2025-07-16 Papers

1/2

Paper 1

SpeakerVid-5M: A Large-Scale High-Quality Dataset for Audio-Visual Dyadic Interactive Human Generation

Published: 2025-07-13

Link: http://arxiv.org/pdf/2507.09862

1. 📘 Topic and Domain: The paper introduces SpeakerVid-5M, a large-scale high-quality dataset for audio-visual dyadic interactive human generation in the domain of digital human technology and computer vision.

2. 💡 Previous Research and New Ideas: Based on previous work in GAN-based and diffusion-based virtual human generation, this paper proposes the first large-scale dataset specifically designed for interactive virtual humans, moving beyond passive avatar driving to autonomous engagement.

3. ❓ Problem: The paper addresses the critical lack of large-scale, high-quality open-source datasets for training interactive virtual humans, which has hindered research progress in this emerging field.

4. 🛠️ Methods: The authors curated 5.2M video clips through a comprehensive pipeline including source collection, pre-processing (scene splitting, speaker diarization, human detection, lip sync), rich multi-modal annotation, and rigorous quality filtering.

5. 📊 Results and Evaluation: The dataset contains 8,743 hours of high-quality video data with 83,756 unique IDs, achieving superior performance metrics in visual quality (93% in 1080P), audio-visual sync, and diverse body compositions, evaluated through their VidChatBench benchmark.

SpeakerVid-5M: A Large-Scale High-Quality Dataset for Audio-Visual Dyadic Interactive Human Generation

1/2

Paper 2

Vision Foundation Models as Effective Visual Tokenizers for Autoregressive Image Generation

Published: 2025-07-11

Link: http://arxiv.org/pdf/2507.08441

1. 📘 Topic and Domain: Building an efficient image tokenizer using pre-trained vision foundation models for autoregressive image generation.

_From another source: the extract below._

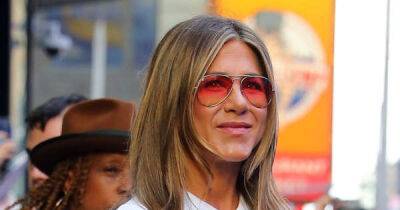Jennifer Aniston joked about her divorce from Brad Pitt on the last ever episode of The Ellen DeGeneres Show - www.msn.com - Hollywood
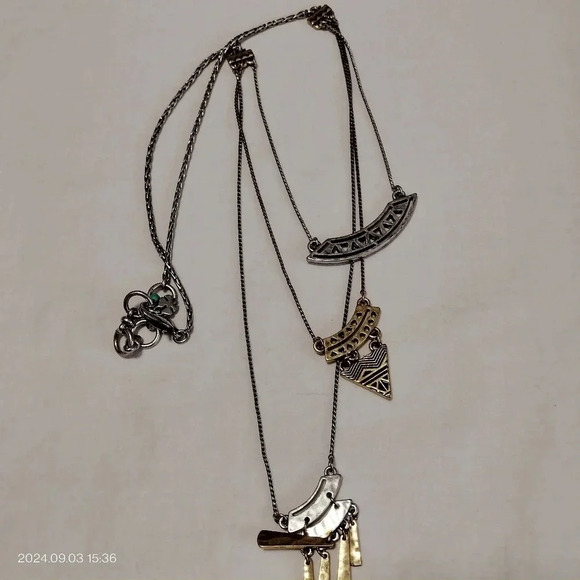 Lucky Brand Three Strand Layered Necklace Aztec Tribal Pendant Silver Tone - Picture 4 of 9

2. 💡 Previous Research and New Ideas: Based on VQGAN and vision foundation models research; proposes using frozen pre-trained vision models directly as tokenizers with region-adaptive quantization.

3. ❓ Problem: Current image tokenizers are inefficient, require extensive training, and produce latent spaces with poor semantic quality and high redundancy.

4. 🛠️ Methods: Uses frozen vision foundation model as encoder, introduces region-adaptive quantization framework, and applies semantic reconstruction objective to preserve feature fidelity.

5. 📊 Results and Evaluation: Achieved state-of-the-art performance with gFID of 2.07 on ImageNet, 3x faster convergence, high-fidelity class-conditional synthesis without classifier-free guidance, and better token efficiency using only 256 tokens versus standard 576.

Vision Foundation Models as Effective Visual Tokenizers for Autoregressive Image Generation

1/2

Paper 3

MoVieS: Motion-Aware 4D Dynamic View Synthesis in One Second

Published: 2025-07-14

Link: http://arxiv.org/pdf/2507.10065

1. 📘 Topic and Domain: Feed-forward dynamic 3D scene reconstruction and novel view synthesis from monocular videos using motion-aware Gaussian primitives.

2. 💡 Previous Research and New Ideas: Based on static scene reconstruction and 3D Gaussian Splatting methods, proposes novel "dynamic splatter pixels" that unify appearance, geometry and motion modeling in a single framework.

3. ❓ Problem: Existing methods treat 3D tasks in isolation, focus mainly on static scenes, and require costly per-scene optimization without learning prior knowledge.

4. 🛠️ Methods: Uses a transformer backbone to encode video frames and three specialized heads (depth, splatter, motion) to predict 3D Gaussian primitives and their temporal deformation, trained on diverse datasets.

5. 📊 Results and Evaluation: Achieves competitive performance on novel view synthesis and 3D point tracking benchmarks while being orders of magnitude faster (0.93s vs 10-45min per scene), and enables zero-shot applications like scene flow estimation.